Molecular Nodal Restaging Based on CEACAM5, FGFR2b and PTPN11 Expression Adds No Relevant Clinical Information in Resected Non-Small Cell Lung Cancer

Abstract

Background: The relapse rate in non-small cell lung cancer (NSCLC) is high, even in localized disease, suggesting that the current approach to pathological staging is insufficiently sensitive to detect occult micrometastases present in resected lymph nodes. Therefore, we aimed to determine the prognostic value of the expression of embryonic molecular markers in histologically-negative lymph nodes of completely-resected NSCLC.

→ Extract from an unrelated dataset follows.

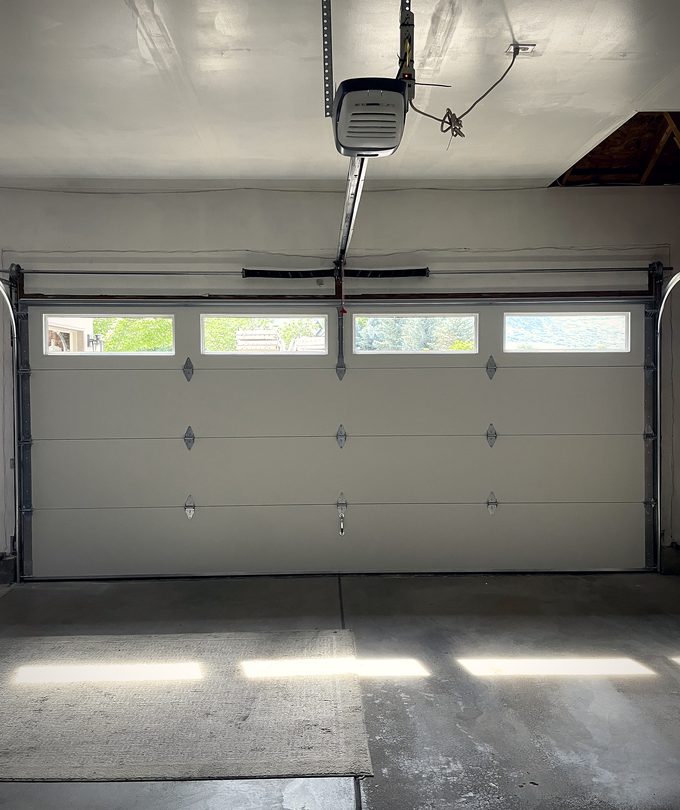 A pale sectional garage door seen from the back of the garage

Methods: 76 completely-resected NSCLC patients were included: 60 pN0 and 16 pN1. Primary tumors and 347 lymph node were studied. CEACAM5, FGFR2b, and PTPN11 expression levels were evaluated through mRNA analysis using real-time RT-qPCR assay. Statistical analyses included the Kruskal-Wallis test, Kaplan Meier curves, and log-rank tests.

Results: CEACAM5 expression levels were scored as high in of 90 lymph nodes (26%). The molecular-positive lymph nodes lead to the restaging of 37 (62%) pN0 patients as molecular N1 or N2 and 5 (31%) pN1 cases were reclassified as molecular-positive N2. Surprisingly, molecular-positive patients associated with a better OS (overall survival, p = 0,04). FGFR2b overexpression was observed in 41 (12%) lymph nodes leading to the restaging of 17 patients (22%). Again a trend was observed toward a better DFS (disease-free survival) in the restaged patients (p = 0,09). Accordingly, high expression levels of CEACAM5 or FGFR2b in the primary were related to better DFS (p = 0,06; p < 0,02, respectively).

Conclusion: Molecular nodal restaging based on expression levels of CEACAM5 and/or FGFR2b, does not add relevant clinical information to pathological staging of NSCLC likely related to the better prognosis of their overexpression in primary tumors.

Keywords: non-small cell lung cancer; Lung development; molecular marker; nodal staging.